Caption-style text data:
= = = =
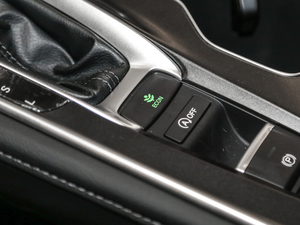 2018260TURBO Ӣ V п؅^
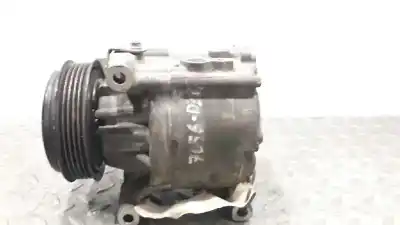 Second-hand car spare part air conditioning compressor for citroen c2 furio oem iam references 5a7875000  46782669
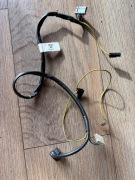 Wiązka elektryczna pieca gazowego DE Dietrich MCR II 24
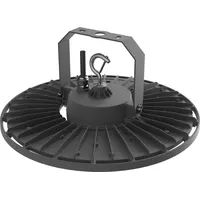 OPPLE LIGHTING Opple #545098000600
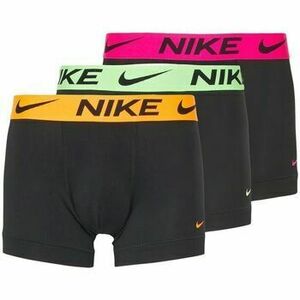 Boxerky Nike 0000ke1156-bav-gl black vyobraziť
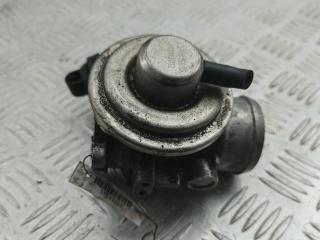 клапан EGR Audi A4 B6 2002, 1.9 л., дизель, МКПП, серый, универсал, 038131501G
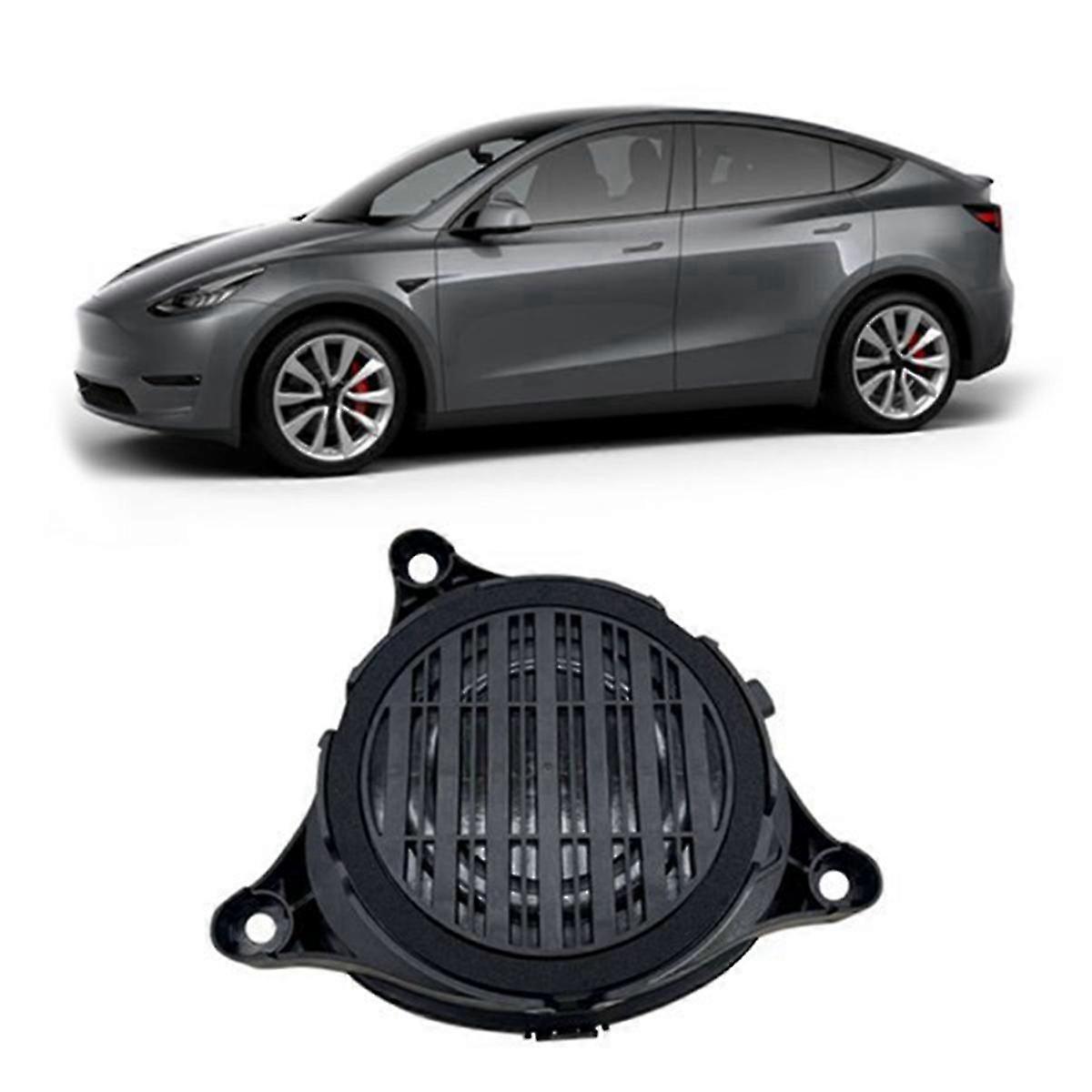 Pedestrian and Car Warning Speaker for 1299965-00-A Model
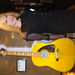 Kimberly Gibson Photo 8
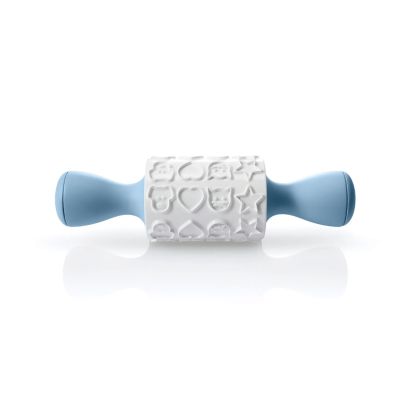 Philips Avance Collection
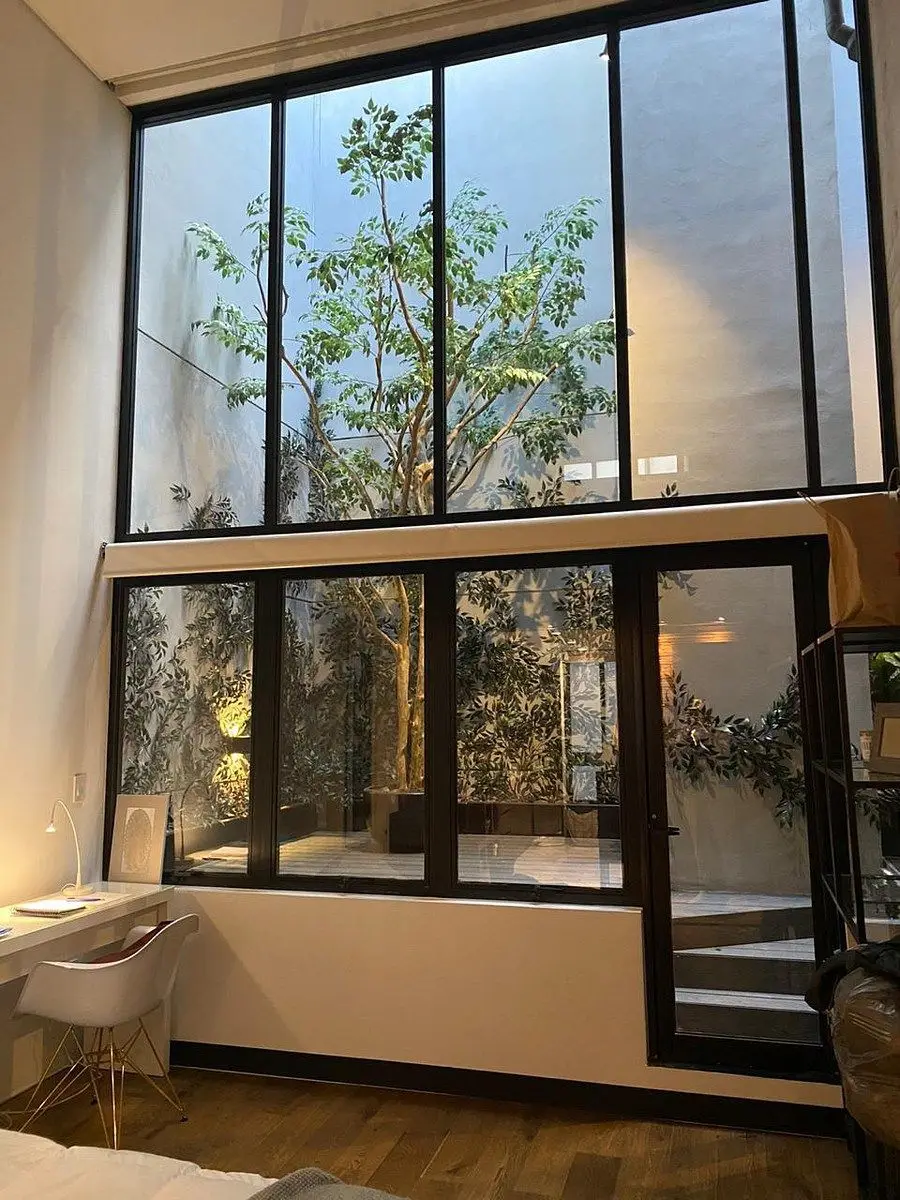 Casa en Venta en Polanco — foto 4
= = = =
> WORK REQUIRED:
Set down word for word the lines from the first entry through the line with "клапан EGR Audi", both included, omitting pictures.

> EXERCISE SOLUTION:
 2018260TURBO Ӣ V п؅^
 Second-hand car spare part air conditioning compressor for citroen c2 furio oem iam references 5a7875000  46782669
 Wiązka elektryczna pieca gazowego DE Dietrich MCR II 24
 OPPLE LIGHTING Opple #545098000600
 Boxerky Nike 0000ke1156-bav-gl black vyobraziť
 клапан EGR Audi A4 B6 2002, 1.9 л., дизель, МКПП, серый, универсал, 038131501G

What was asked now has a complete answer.